Hey Hasbro, buy up my inventory if you're gonna pull that nonsense.
 

pemerton

Legend
The only way I can see it working is if Hasbro revokes the OGL, keeping people from selling their OGL stuff, then it goes to court and it's ruled that Hasbro never had the right to revoke the license. Then you have to prove how much you lost in sales between the two points in time.
I can't give you legal advice, but can speak to some of the general legal issues in play.

Hasbro/WotC have not purported to revoke any licences issued on the terms of the OGL, as best I can tell.
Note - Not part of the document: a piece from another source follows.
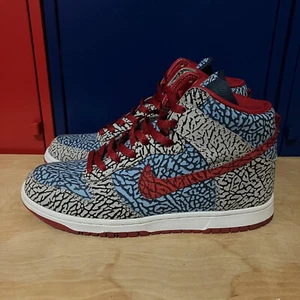 NIKE ID DARK STAMPA ELEFANTE ALTO TAGLIA 10 ROSSO/BLU/GRIGIO RARO CEMENTO STREETWEAR - Foto 1 di 9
And I am one of those who think the better view is that their is a good reason for this, namely, that they lack any legal power to do so.

But suppose they do so purport. If licensed publishers continue to publish relying on their licence from WotC, WotC would have to commence the suit arguing that the licence is in fact revoked and hence that the publisher is infringing. The licensee publisher would plead the licence in their defence.

I haven't heard of any scenario yet in which a 3PP has a good reason to commence against WotC, which to me would sound quite a difficult undertaking.
 

Slit518

Adventurer
Does Final Fantasy currently rely on a licence on the terms of the OGL v 1.0a? If not, I don't see how any of this affects that publisher.
I don't know (probably not), but, I posted them in this in case they would be effected. Who knows how tangled the law and stuff could get?
 

Darkholme

Villager
I don't know how much it would/could effect Final Fantasy, especially in its current state. But, it started out as a game which was D&D based and borrowed heavily from it. Final Fantasy even has Mind Flayers in it. Which, oddly enough, aren't OGL, but, that is another sticky situation.
Final Fantasy has had mindflayers long before there was an OGL. It's been using them since Final Fantasy IV in 1991.

I suspect D&D has missed their chance to pursue that one, but I am not a lawyer.
 

Final Fantasy has had mindflayers long before there was an OGL. It's been using them since Final Fantasy IV in 1991.

I suspect D&D has missed their chance to pursue that one, but I am not a lawyer.
I think it's the word "illithid" and not the concept of a mind flayer that they've specifically claimed as PI under the old OGL 1.0, which I've assumed to mean that they might claim it as an unregistered trademark. But nowadays, it seems like they think that banalities like owlbears and magic missiles are "quintessentially" D&D and off-limits, and that's just opening the gates to hell going forward.
 


I haven't heard of any scenario yet in which a 3PP has a good reason to commence against WotC, which to me would sound quite a difficult undertaking.
On TV shows (and based on how they handle fields I know I have negative trust in them being right) when big companies go after little fish, sometime the little fish can STILL band together and ask the judge to combine cases in a way MAKING a class action defense... is there ANYTHING in reality like that?

In case I am not clear my hypothetical law school question is, if Big Company A sues little company B, but it is for something that little company C D E F G H I and J are all doing too, can they all bind together at this point AFTER company A sues?
Would it change things if BIg Company A was suing some or all of C D E F G H I and J?
 


ECMO3

Hero
Considering nothing legally happened, there is no grounds for a law suit.

Also, class action suits only give lawyers money.

Yes, but the point is to threaten to take WOTC's money (and give it to the plaintiff's lawyers).

WOTC is concerned enough about this that they put an exclusion to it in their new OGL 1.2.